■ What is required ■
Only the lines from the one containing "thumbnail image 2" through the last line of the material should be copied, exactly as written and without pictures.

■ Data provided ■
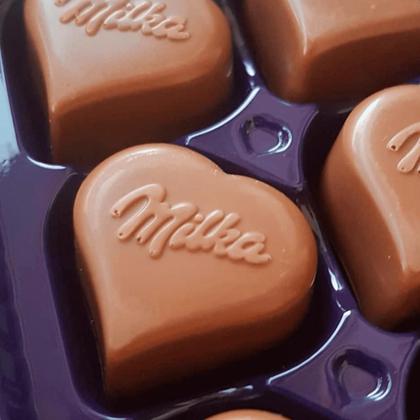 Milka I Love Hazelnut cream 110g - Chocolate / Barra de Chocolate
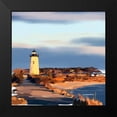 thumbnail image 2 of Kalina, Emily 12x12 Black Modern Framed Museum Art Print Titled - Lighthouse Scene II, 2 of 5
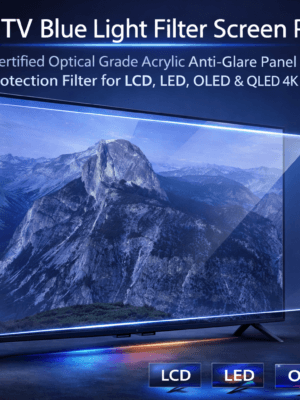 Blufury® - 32 Inch TV Blue Light Filter Screen Protector | 2MM Optical Grade Acrylic | SGS Certified Anti-Glare Eye Protection Panel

■ Response ■
 thumbnail image 2 of Kalina, Emily 12x12 Black Modern Framed Museum Art Print Titled - Lighthouse Scene II, 2 of 5
 Blufury® - 32 Inch TV Blue Light Filter Screen Protector | 2MM Optical Grade Acrylic | SGS Certified Anti-Glare Eye Protection Panel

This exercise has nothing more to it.